#### [Data segment]
· · · · · · ·

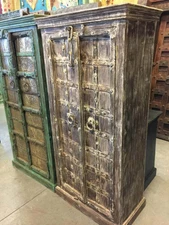 RECLAIMED Whitewash Rustic Antique Cabinet Teak Doors India Almirah Furniture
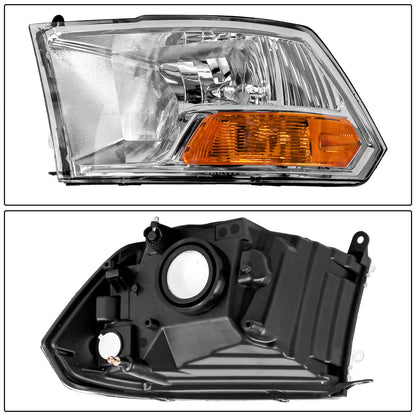 Pair Headlight Assembly Chrome for Dodge Ram 1500 2500 3500 (2009–2012)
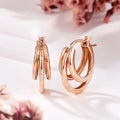 BnbGold 14K Round Three Stones Hoop Earrings PNE42311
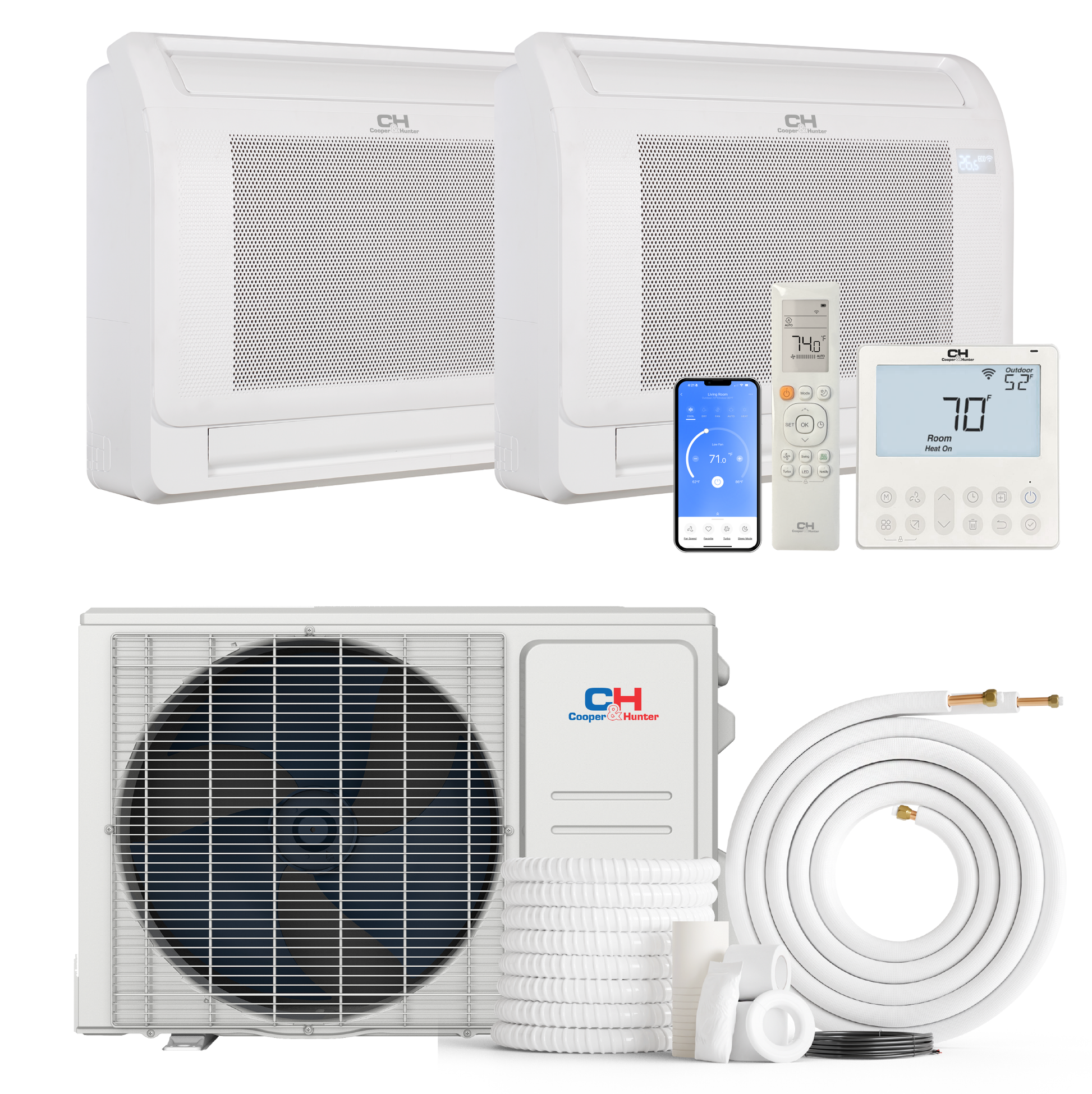 Cooper&Hunter 2-Zone Ductless Mini Split AC & Heat Pump 36000 BTU (9K+12K), Floor Console Units, 230V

· · · · · · ·

#### [Problem]
Exactly as given, transcribe every line of the data, but not its images.

#### [Finished task]
 RECLAIMED Whitewash Rustic Antique Cabinet Teak Doors India Almirah Furniture
 Pair Headlight Assembly Chrome for Dodge Ram 1500 2500 3500 (2009–2012)
 BnbGold 14K Round Three Stones Hoop Earrings PNE42311
 Cooper&Hunter 2-Zone Ductless Mini Split AC & Heat Pump 36000 BTU (9K+12K), Floor Console Units, 230V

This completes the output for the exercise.